配偶者短期居住権とは、どのような遺産分割がなされても、またどのような遺言書が残されていても、相続開始時、被相続人所有の建物に無償で住んでいた配偶者は、少なくとも相続開始後6か月間はその家に無償で住み続けることができるという制度です。

建物の修繕費は、誰が支払うのか

では、配偶者短期居住権の対象である建物の修繕費は、誰が支払うのでしょうか。結論を言えば、原則として居住している配偶者が支払うことになるものと思われます。

根拠は、下記の通りです。

まず、配偶者短期居住権には下記のように、準用されている規定があります。

(使用貸借等の規定の準用)
第千四十一条 第五百九十七条第三項、第六百条、第六百十六条の二、第千三十二条第二項、第千三十三条及び第千三十四条の規定は、配偶者短期居住権について準用する。

このうち、修繕費に関する条文は、1033条です。

第1033条(居住建物の修繕等)
 配偶者は、居住建物の使用及び収益に必要な修繕をすることができる。
2 居住建物の修繕が必要である場合において、配偶者が相当の期間内に必要な修繕をしないときは、居住建物の所有者は、その修繕をすることができる。
3 居住建物が修繕を要するとき(第一項の規定により配偶者が自らその修繕をするときを除く。)、又は居住建物について権利を主張する者があるときは、配偶者は、居住建物の所有者に対し、遅滞なくその旨を通知しなければならない。ただし、居住建物の所有者が既にこれを知っているときは、この限りでない。

第1034条(居住建物の費用の負担)
 配偶者は、居住建物の通常の必要費を負担する。
2 第583条第2項の規定は、前項の通常の必要費以外の費用について準用する。

1034条2項にて参照している条文は、下記の通りです。

第583条 

<略>
2 買主又は転得者が不動産について費用を支出したときは、売主は、第196条の規定に従い、その償還をしなければならない。ただし、有益費については、裁判所は、売主の請求により、その償還について相当の期限を許与することができる。

さらに、196条は次の通りです。

第196条 占有者が占有物を返還する場合には、その物の保存のために支出した金額その他の必要費を回復者から償還させることができる。ただし、占有者が果実を取得したときは、通常の必要費は、占有者の負担に帰する。
2 占有者が占有物の改良のために支出した金額その他の有益費については、その価格の増加が現存する場合に限り、回復者の選択に従い、その支出した金額又は増価額を償還させることができる。
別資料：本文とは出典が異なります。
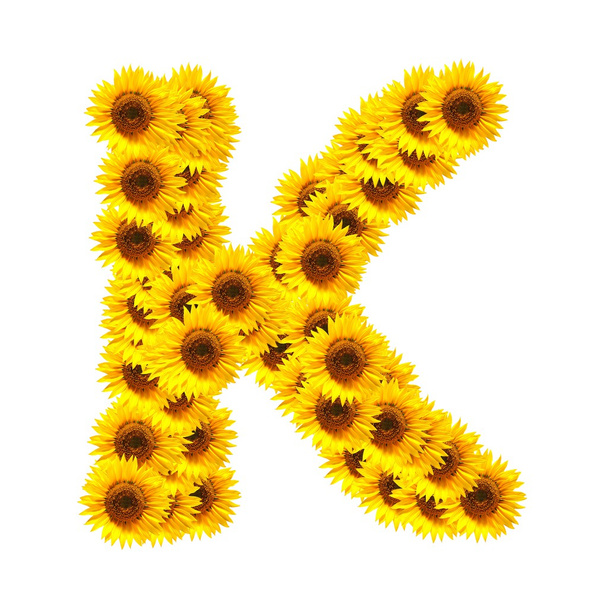 Alphabet of flowers - Фото, зображення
ただし、悪意の占有者に対しては、裁判所は、回復者の請求により、その償還について相当の期限を許与することができる。

つまり、その修繕費が通常の必要費に該当するのであれば、居住者たる配偶者が負担します。

一方で、修繕費が通常の必要費を超える場合には、原則として建物所有者の負担となります。

この辺りも、概要を知っておかれると良いでしょう。